[Collected data entries]
____

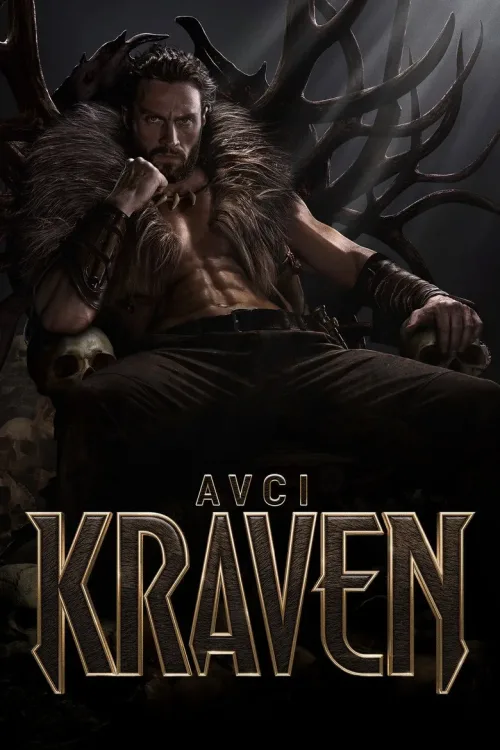 Kraven the Hunter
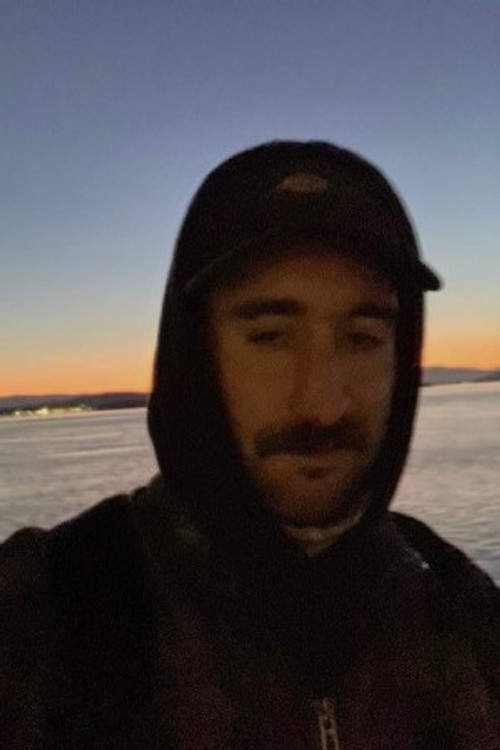 John Ledingham profile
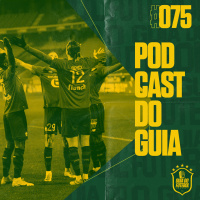 #75 - Como a Ligue 1 foi uma das melhores ligas da temporada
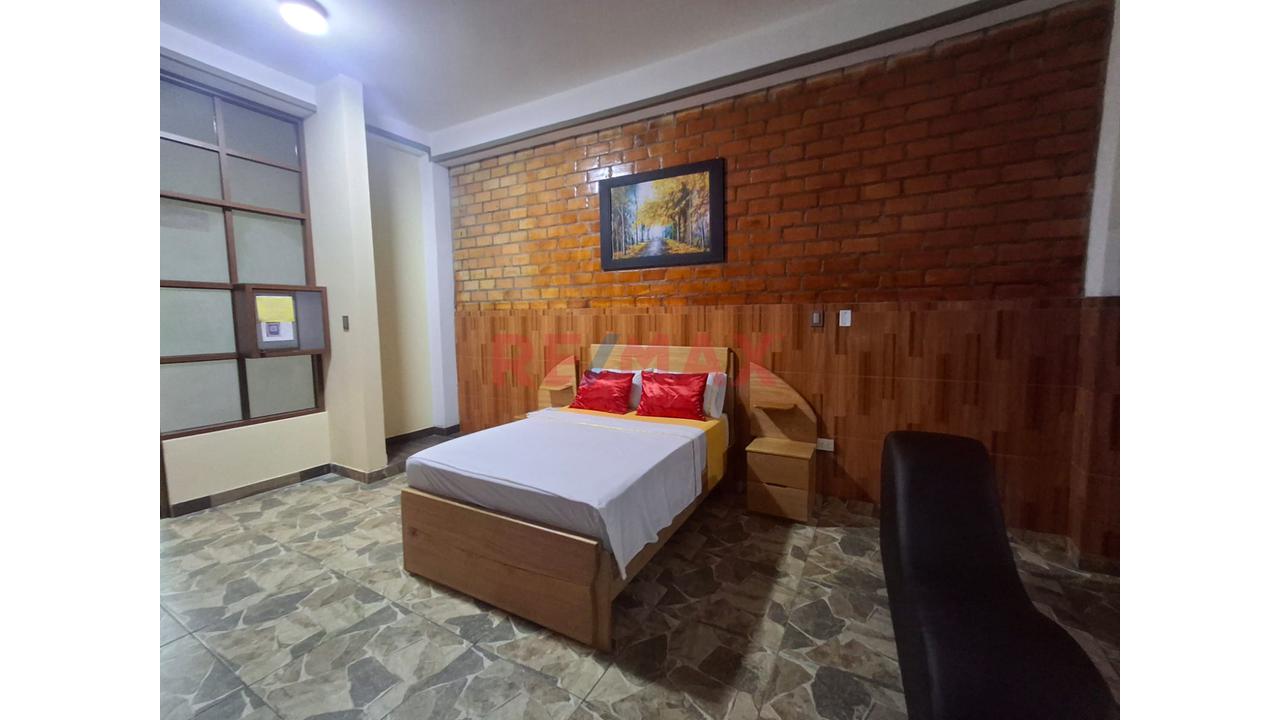 Venta Hospedaje Suites Con Proyeccion A 10 Minutos Centro De Tarapoto - 14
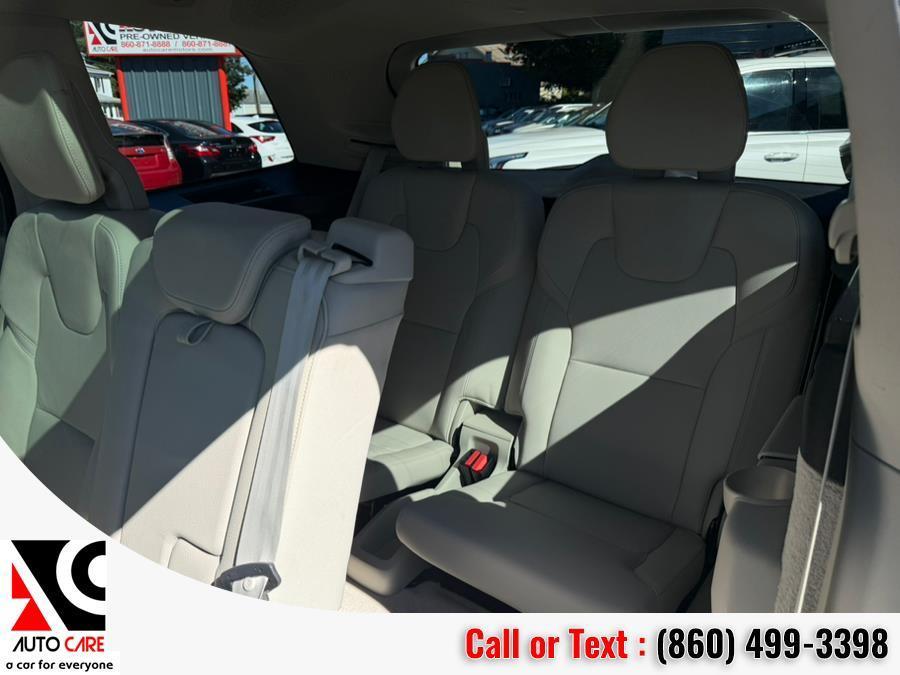 used 2016 Volvo XC90 car, priced at $15,997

____

■ BRIEF:
With the pictures omitted, repeat the full set of records above exactly.

■ EXERCISE OUTPUT:
 Kraven the Hunter
 John Ledingham profile
 #75 - Como a Ligue 1 foi uma das melhores ligas da temporada
 Venta Hospedaje Suites Con Proyeccion A 10 Minutos Centro De Tarapoto - 14
 used 2016 Volvo XC90 car, priced at $15,997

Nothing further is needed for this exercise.